■ **Try it**
What are the lines from the one containing "Sør-Gudbrandsdal tingrett, SAH/TING-004/H/Hb/Hbe/L0001: Mortgage" through the last line of the records below? Return them exactly, leaving out pictures.

┌─ Material for this exercise

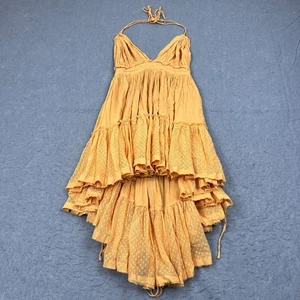 Free People Dress Women's Medium Orange Gauze 100 Degree Open Back Mini Tie Boho - Picture 1 of 9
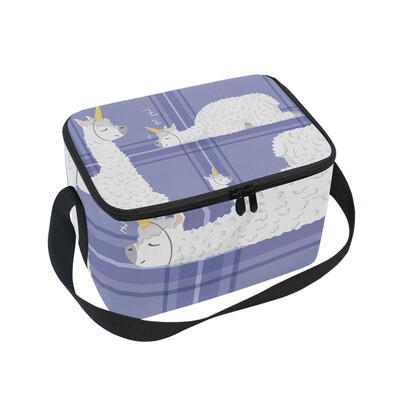

ALAZA Lunch Box Insulated Lunch Bag Large Cooler Cute Cartoon Lama Alpaca Tote Bag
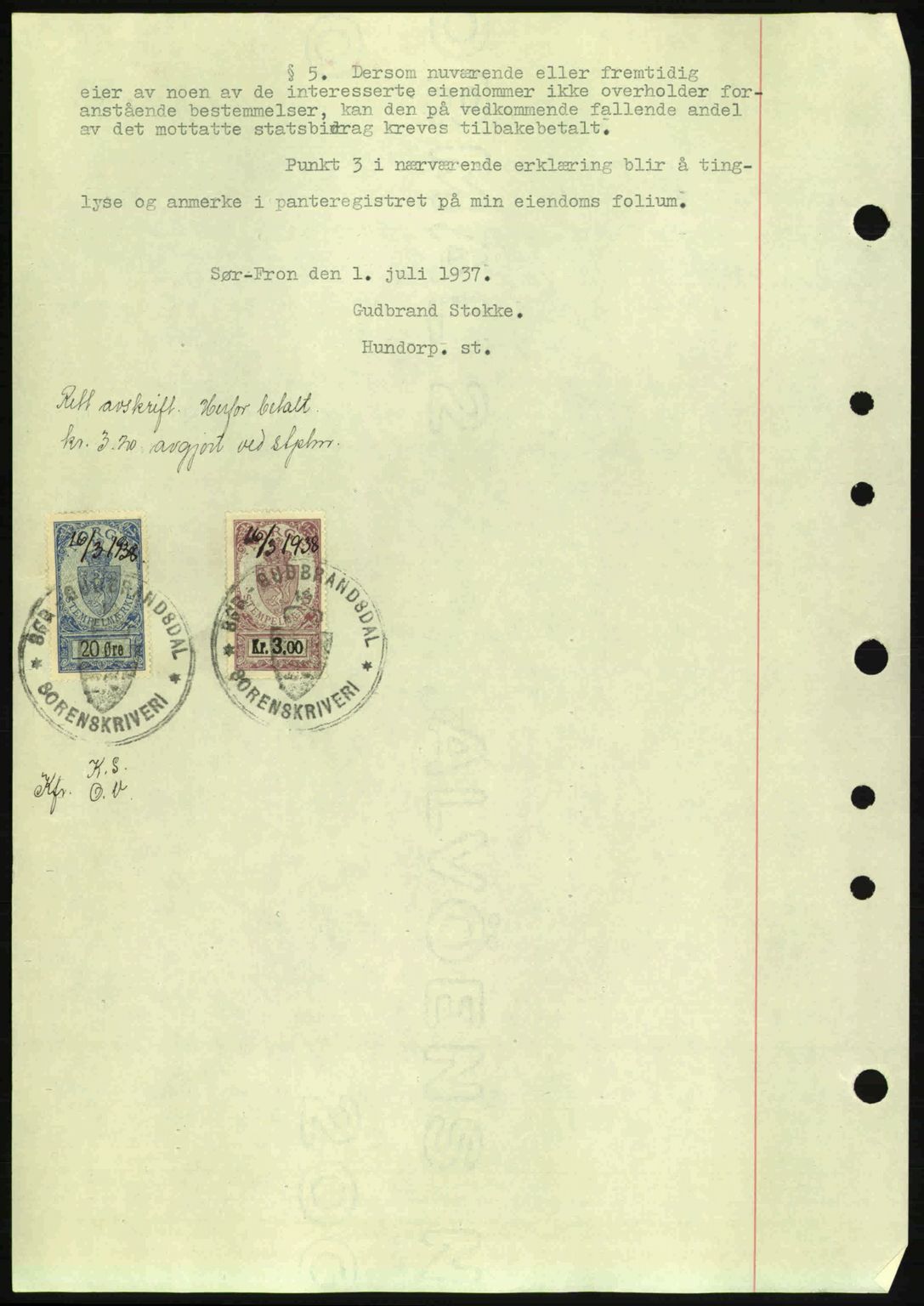 Sør-Gudbrandsdal tingrett, SAH/TING-004/H/Hb/Hbe/L0001: Mortgage book no. B1, 1936-1939, Diary no: : 348/1938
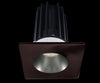 Lotus LED 2 Inch Square Recessed LED 15 Watt High Output Designer Series - 4000 Kelvin - 24 Degree Beam Spread - Chrome Reflector - Trim Bronze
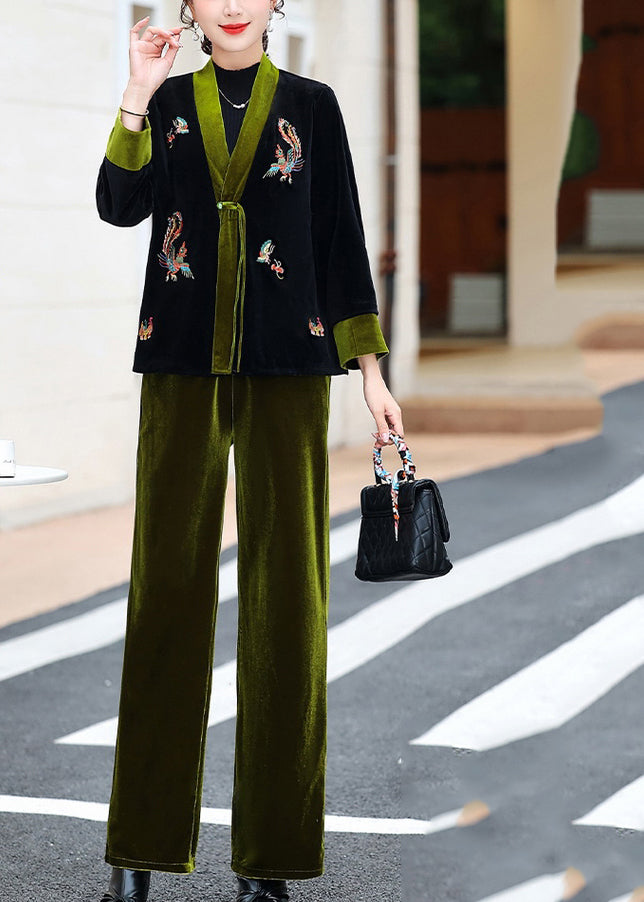 Elegant Green V Neck Embroideried Silk Velour Coats And Pants Two Piece Set Fall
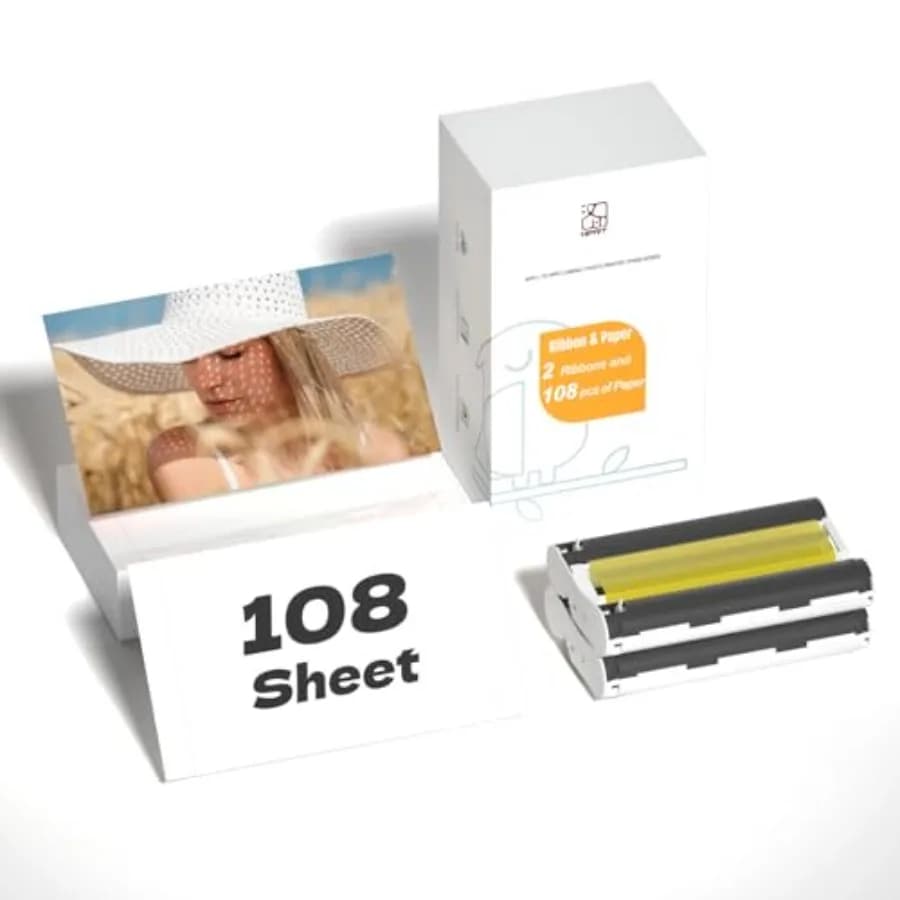 Carta per Stampante Fotografica 4X6 CP4100/CP4000L e 2 Nastri per HPRT CP4100/CP4000L, Stampa Istantanea a Colori su Sublimazione per Telefono e Wi-Fi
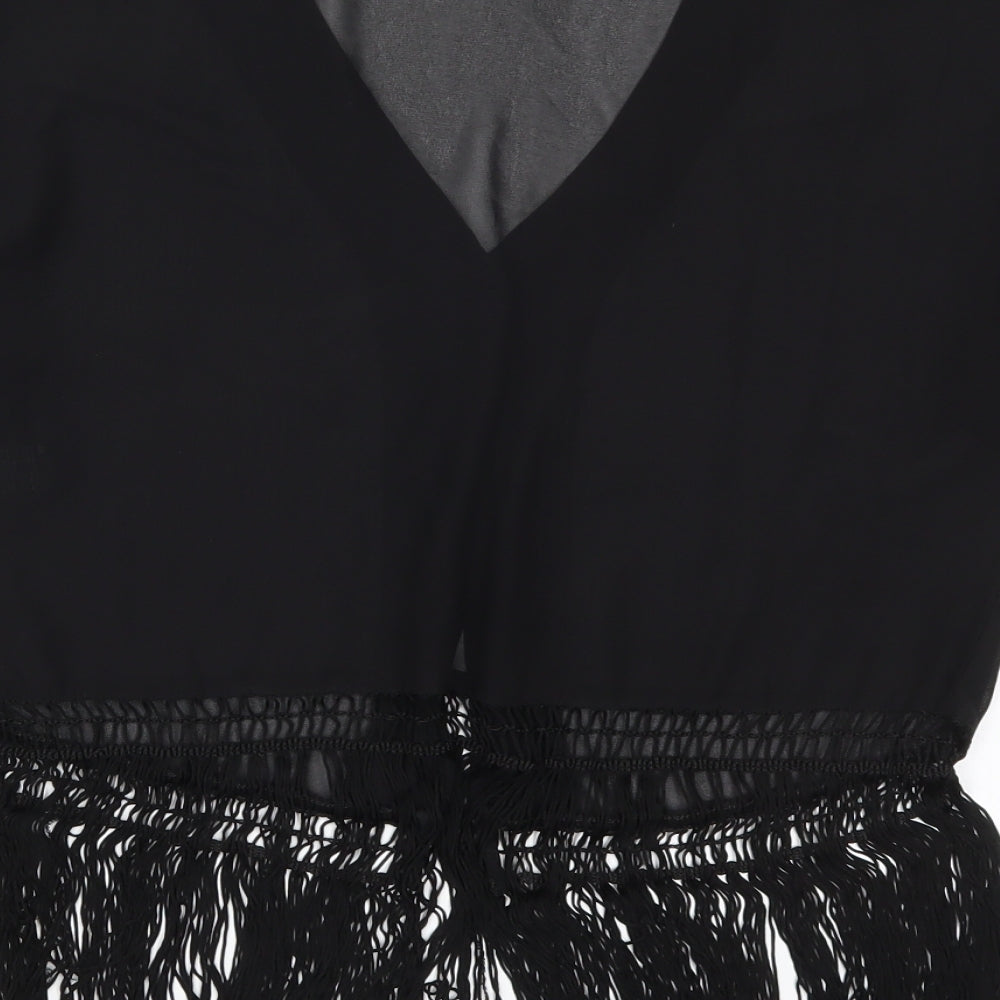 H&M Womens Black  Polyester Basic Button-Up Size 10 V-Neck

└─

■ **Task answer**
 Sør-Gudbrandsdal tingrett, SAH/TING-004/H/Hb/Hbe/L0001: Mortgage book no. B1, 1936-1939, Diary no: : 348/1938
 Lotus LED 2 Inch Square Recessed LED 15 Watt High Output Designer Series - 4000 Kelvin - 24 Degree Beam Spread - Chrome Reflector - Trim Bronze
 Elegant Green V Neck Embroideried Silk Velour Coats And Pants Two Piece Set Fall
 Carta per Stampante Fotografica 4X6 CP4100/CP4000L e 2 Nastri per HPRT CP4100/CP4000L, Stampa Istantanea a Colori su Sublimazione per Telefono e Wi-Fi
 H&M Womens Black  Polyester Basic Button-Up Size 10 V-Neck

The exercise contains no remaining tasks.